While Gupta was pursuing dual degrees in materials science and engineering and management science at MIT, he knew he wanted to start a business. Eventually, Romulus Capital would grow into a successful early-stage venture capital firm with over $150 million in assets and a portfolio of companies like Ginger.io, Placester, Humanyze and Cohealo.
Why Romulus Capital? We caught up with the founder and general partner to find out.
Why did you start Romulus Capital?
I was an undergrad at MIT and I came there to start a company. My friends and I were coming up with ideas but we found that there was no one there to really help build these companies. We felt like MIT companies were underperforming. We have the best human capital in the world but if you look at the successful ones they often don’t become really, really big, they just kind of settle. So I found myself helping some of my friends build their companies and thought, ‘I see a problem. Why don’t I solve this and turn it into a business?’ Angel investors and venture capitalists didn’t have a middle layer. It took me one and a half years to fundraise, which I did out of my MIT dorm room.
What kind of startups do you back?
We like companies that end up being B2B vertical software plays or fairly high technology plays. We’ve backed several out of the MIT Media Lab that used AI and machine learning to solve a variety of problems. We’ve also worked with companies like Placester, which has become the leading software provider to the real estate industry. We also work with E La Carte, a leading provider of analytics for restaurant industry. We’re all about building companies where we get really involved, roll up our sleeves and work with the entrepreneur.
In seed stage, B2C is like roulette; it’s gambling. You’re betting on a team and hope they figure out how to get traction and even great teams sometimes never get consumer traction. We got phenomenally lucky with Class Pass, a B2C company based in New York but we found we can add more value to B2B guys.
What’s the story behind the name ‘Romulus Capital?’

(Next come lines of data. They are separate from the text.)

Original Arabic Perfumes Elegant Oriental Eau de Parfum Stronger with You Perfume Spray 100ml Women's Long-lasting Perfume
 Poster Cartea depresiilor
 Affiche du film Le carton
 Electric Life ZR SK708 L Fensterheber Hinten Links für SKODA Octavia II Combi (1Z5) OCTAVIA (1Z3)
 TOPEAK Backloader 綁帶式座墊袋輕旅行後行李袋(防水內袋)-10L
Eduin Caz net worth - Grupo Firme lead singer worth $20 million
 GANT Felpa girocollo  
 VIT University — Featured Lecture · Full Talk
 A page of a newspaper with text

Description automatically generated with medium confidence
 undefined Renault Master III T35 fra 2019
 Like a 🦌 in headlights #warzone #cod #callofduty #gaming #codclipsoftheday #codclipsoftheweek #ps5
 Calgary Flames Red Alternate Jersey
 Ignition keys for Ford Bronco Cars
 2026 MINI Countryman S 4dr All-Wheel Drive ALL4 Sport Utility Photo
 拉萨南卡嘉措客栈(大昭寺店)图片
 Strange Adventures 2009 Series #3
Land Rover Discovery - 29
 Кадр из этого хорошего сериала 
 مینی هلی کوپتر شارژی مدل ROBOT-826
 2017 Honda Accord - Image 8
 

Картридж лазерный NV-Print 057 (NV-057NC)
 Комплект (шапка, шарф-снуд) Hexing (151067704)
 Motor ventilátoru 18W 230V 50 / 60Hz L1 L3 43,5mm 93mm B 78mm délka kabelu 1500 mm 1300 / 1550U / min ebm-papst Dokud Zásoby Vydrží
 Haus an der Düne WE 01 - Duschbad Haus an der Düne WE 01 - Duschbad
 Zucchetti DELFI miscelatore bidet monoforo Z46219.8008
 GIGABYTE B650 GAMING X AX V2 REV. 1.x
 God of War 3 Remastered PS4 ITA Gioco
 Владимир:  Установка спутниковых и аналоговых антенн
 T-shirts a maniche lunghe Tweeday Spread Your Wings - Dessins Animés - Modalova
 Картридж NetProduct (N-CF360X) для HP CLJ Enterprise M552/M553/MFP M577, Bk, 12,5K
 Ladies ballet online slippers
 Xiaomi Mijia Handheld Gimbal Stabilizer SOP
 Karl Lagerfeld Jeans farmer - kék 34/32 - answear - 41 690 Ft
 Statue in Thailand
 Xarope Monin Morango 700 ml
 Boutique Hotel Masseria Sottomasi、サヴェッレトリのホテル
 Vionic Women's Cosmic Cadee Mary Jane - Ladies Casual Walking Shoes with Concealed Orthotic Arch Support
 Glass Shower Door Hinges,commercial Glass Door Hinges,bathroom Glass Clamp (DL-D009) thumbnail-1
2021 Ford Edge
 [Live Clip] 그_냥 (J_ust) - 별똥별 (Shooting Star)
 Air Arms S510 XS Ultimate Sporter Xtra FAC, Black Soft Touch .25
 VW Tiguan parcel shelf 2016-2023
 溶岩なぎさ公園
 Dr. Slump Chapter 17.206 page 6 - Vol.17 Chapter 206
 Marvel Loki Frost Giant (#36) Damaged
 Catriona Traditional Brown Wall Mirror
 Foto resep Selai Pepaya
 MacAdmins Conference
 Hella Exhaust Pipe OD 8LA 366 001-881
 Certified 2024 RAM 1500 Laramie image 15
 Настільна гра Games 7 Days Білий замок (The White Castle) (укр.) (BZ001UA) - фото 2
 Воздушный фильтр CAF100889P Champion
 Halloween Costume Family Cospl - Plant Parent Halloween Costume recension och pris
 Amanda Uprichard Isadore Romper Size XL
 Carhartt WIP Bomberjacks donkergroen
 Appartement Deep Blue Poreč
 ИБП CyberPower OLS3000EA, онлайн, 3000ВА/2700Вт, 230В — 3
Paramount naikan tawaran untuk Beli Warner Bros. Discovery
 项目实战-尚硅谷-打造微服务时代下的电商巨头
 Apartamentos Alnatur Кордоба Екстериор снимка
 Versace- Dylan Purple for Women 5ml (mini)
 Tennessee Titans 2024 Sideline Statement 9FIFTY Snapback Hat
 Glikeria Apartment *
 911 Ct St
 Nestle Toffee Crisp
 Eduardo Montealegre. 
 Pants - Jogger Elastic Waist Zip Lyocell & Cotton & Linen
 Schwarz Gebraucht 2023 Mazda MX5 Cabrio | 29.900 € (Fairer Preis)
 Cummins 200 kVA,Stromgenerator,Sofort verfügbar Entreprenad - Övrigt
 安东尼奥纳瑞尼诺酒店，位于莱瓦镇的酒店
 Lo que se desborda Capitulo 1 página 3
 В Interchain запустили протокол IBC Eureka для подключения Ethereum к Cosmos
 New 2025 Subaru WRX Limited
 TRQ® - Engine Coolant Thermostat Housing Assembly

I’ve always been a big fan of the classics of the Roman empire in particular. I appreciate entities that can stand the test of time and the Roman empire continues to impact us today. I thought if I’m going to make an impact on these companies, Romulus, the founder of Rome, made a great name.
How have your varied experiences affected you as an investor?
To be a successful businessman or investor, the more experience and the more things you touch and learn, the better off you’ll be because it will all feed into how you see the world. I’ve done a lot of math in my days and I have a big perspective on history and art and that all comes together. I’ve been to many countries in the past few years and it all plays into how you build something that is great and lasting.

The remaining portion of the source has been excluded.